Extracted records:
--*--
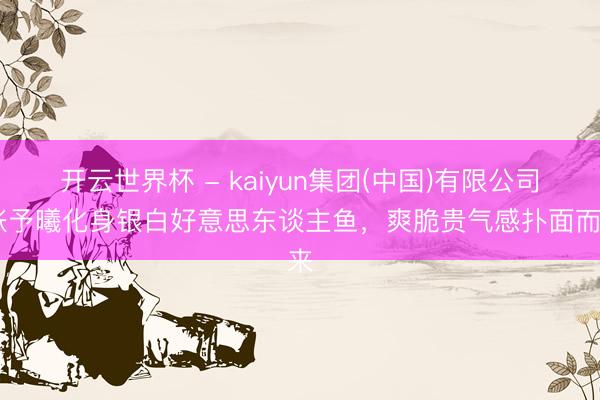 开云世界杯 - kaiyun集团(中国)有限公司 张予曦化身银白好意思东谈主鱼,爽脆贵气感扑面而来
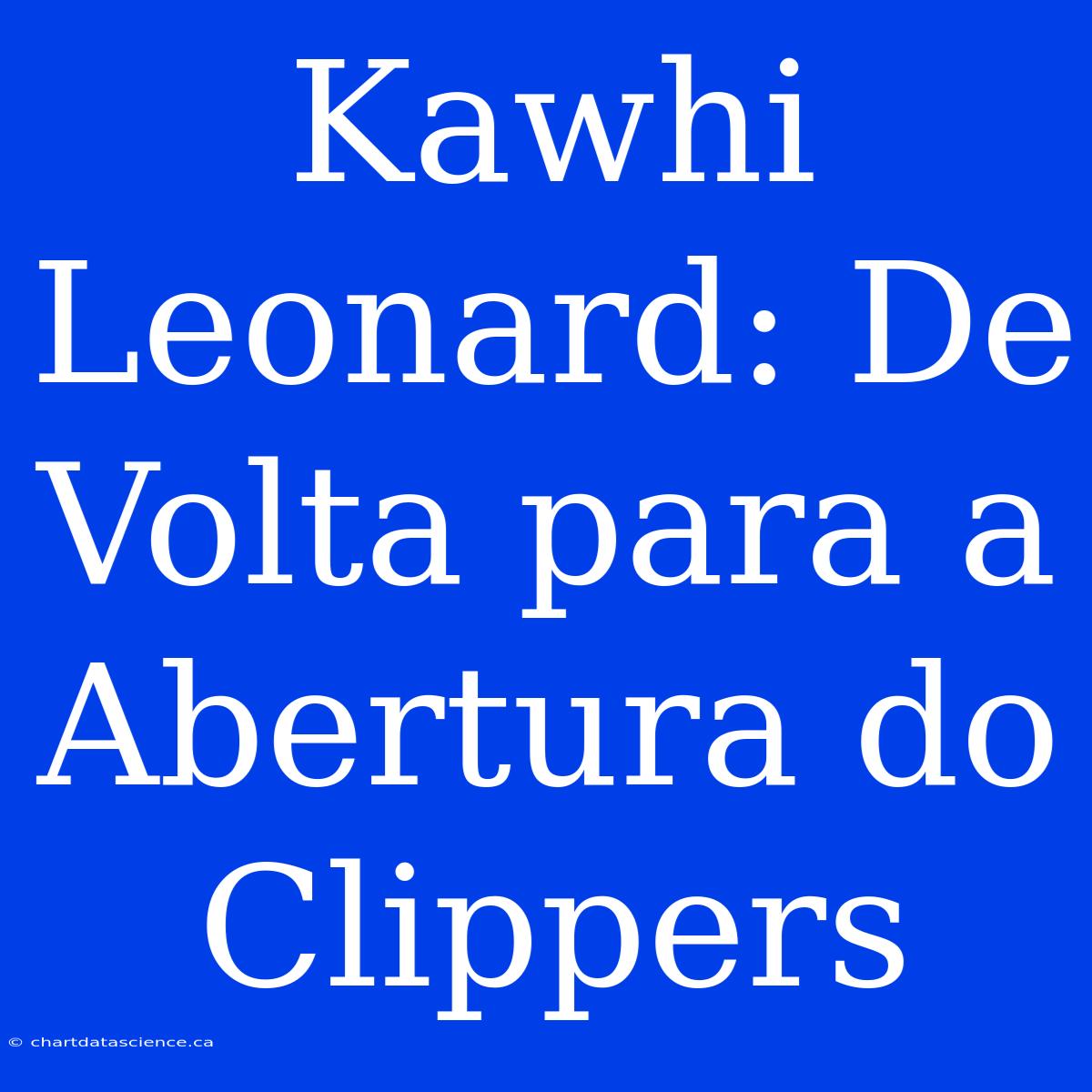 Kawhi Leonard: De Volta Para A Abertura Do Clippers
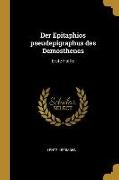 Der Epitaphios Pseudepigraphus Des Demosthenes: Erste Hälfte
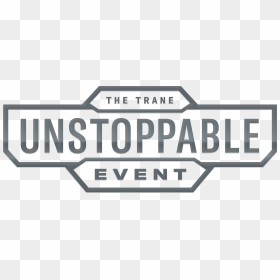 The Trane Unstoppable Event - Sign, HD Png Download - trane logo png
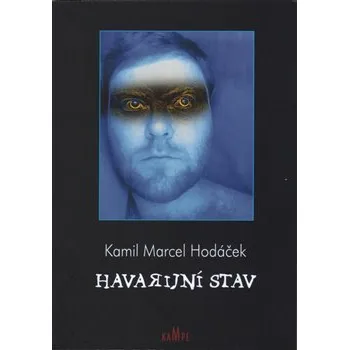 Poezie Havarijní stav - Kamil Marcel Hodáček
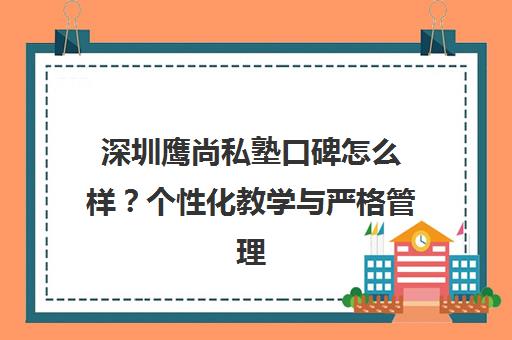 深圳鹰尚私塾口碑怎么样？个性化教学与严格管理助力留学备考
--*--
**Brief:** Set down nothing but the lines from the one containing "Poezie Havarijní stav - Kamil Marcel Hodáček" to the final line above, both included, with every picture left out.

**Task result:**
 Poezie Havarijní stav - Kamil Marcel Hodáček
 深圳鹰尚私塾口碑怎么样？个性化教学与严格管理助力留学备考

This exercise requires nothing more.